The application I maintain does something similar that is database OS independent for around 100 users but in a much simpler fashion. Users are authenticated by the application and authorized from the database. Here are the details:
- a table for users including their email and enabled/disabled status
- a table of all AD groups that have a specific prefix to indicate that they are application groups (eg: APP_ADMINS, APP_USERS)
- a table with group/user links
The next part is synchronizing the information. In our organization if new users are added or permissions for existing users are changed IT does the job in the morning. The application typically has a window of low usage overnight (ie: not 24 hours a day/usage).
On the application web server we have a windows service which syncs the groups and users.
On the database at night I run a scheduled job which truncates the group-user links and recreates them by a direct query to Active Directory using DBMS_LDAP.
For your purposes you would want to write a more sophisticated package that has a database package running three LDAP queries to synchronize groups, users and group users instead of my truncate solution.
I found DBMS_LDAP to be powerful but poorly documented. If the IT department should happen to change the OU that users are in you don't get a lot of useful information from the Oracle end.
Tim's site was very useful with this article and here has the code I reused.
Edit: There are two parts to using an application:
- who are you? (authentication) if you do not supply a name and password listed in Active Directory you are not allowed past the log in page.
- what are you allowed to do? (authorization) Here is where the granularity of permissions has a wide range. We have limited ourselves to a basic set of operations on a portion of a unit of work: Read, Update, Assign other users, Unassign other users. Our permissions are not so granular so they can be worded as "User X has select on this table". They can be better said as "User X
can update this portion of the file if they are assigned".
In part this is driven by the application. It creates a pooled connection to the database as required. Users log onto the application but connect to the database as a shared user who has all the permissions required.
To go into a more detailed example:
User X logs in. They have a username and password that matches what is in Active Directory.
After authentication they are taken to the main page.
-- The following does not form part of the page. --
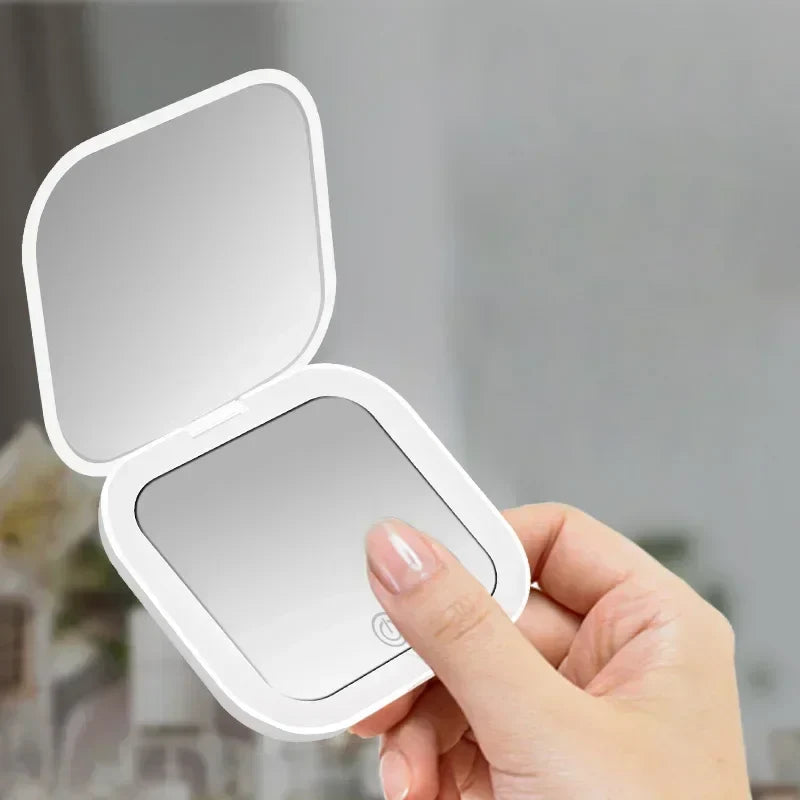 Portable LED Makeup Mirror 2X Magnifying Foldable Pocket Mirror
During that time the application queries the database for what permissions this user has and caches them in memory.
The main page loads each sub work area. Each area asks the cached permissions:
- "Do you have authority to see this area?". If so show the work area.
- " Do you have permission to edit this area?" If so show an edit/create link.
Edit2:
The original poster comments that
We are trying to replicate the user permissions onto application to DB
permissions onto database objects.
This sounds like a square peg/round hole problem to me. Your business logic may be defined as User X needs select on this table but if you ask the user they are working with the application. They need to be able to work with whatever the application is displaying. It is common to group tables and views and custom filters to show what the user needs in the application. This is why some applications find it easier to enforce authorization at the application level.
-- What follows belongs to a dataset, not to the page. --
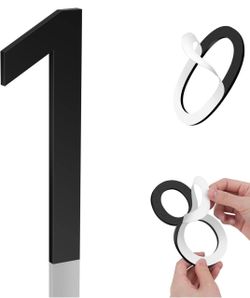 5 Inch Modern House Number 1 - Easy Installation With Screw Set, Includes Hardware for Flush or Floating Mount, Frosted Matte Black Acrylic Address Ma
What is it about your application that requires database permissions to be replicated in Active Directory?
Regarding providing DBA access, you might be better-off creating an Active Directory group and adding the DBAs into that group. That way, you can provide group-level permissions and give sysadmin to the group rather than individual users, meaning that when a DBA leaves (or a new one gets hired), you just need to adjust Active Directory rights rather than going into each SQL Server and altering logins. The same applies (though without granting sysadmin!) for other groups of internal users. Windows authentication is more secure than SQL authentication, and if you can use it, you probably should.
Regarding auditing, you can still have individual-level auditing when users are in a group. You can use SUSER_NAME()
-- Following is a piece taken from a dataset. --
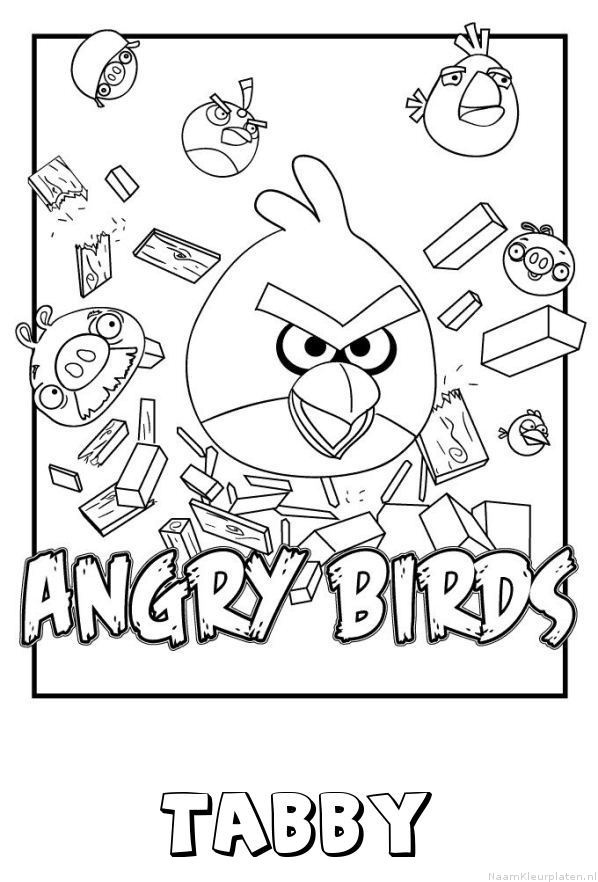 Tabby angry birds kleurplaat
to get the username in whatever process you're going to use to log activity. Note that somebody could do an EXECUTE AS
to switch their user context, but you should be able to log that as well as the IP address from which the query came, so you'd still be able to correlate activity to a person.
The idea of using a jumpstation (in your case, you mentioned a server) is possible. It would make administration a bit easier, especially if the laptop domain does not have a full trust relationship with the domain upon which the SQL Server instances are located. It would probably be a bit annoying for the support personnel, honestly, but if you go that route, I'd recommend a virtualized desktop for each IT support team member. That way, they don't have to deal with server contention issues and you can minimize the pain. If you do go down that route, then the IT support team members could have domain accounts and you'd create relevant Windows groups the same way as the DBA group.
Best Answer
No, an Active Directory group cannot be the schema, though I suppose you could name a schema with the same text as your AD group, but that does not get you more auditability.
If individual logins are all members of the AD group, they still appear in the database by default as their login name, not the AD group name. (You can, of course, rename the database users to different names, but I do not see how that would really help you.)
However, using 'multiple users' (i.e one login and user per person) does not mean that they will all create their own schema. You have considerable control over this behavior.
When you create the user's you can assign them to a default schema, such as
dbo
. Likewise, if you need to set that up after the fact you can:In addition, you can create an audit table and use a DDL trigger to track the changes being made to the database by tracing the details you want to know about. You can also filter out nuisance changes, such as disabling and enabling indexes and so forth.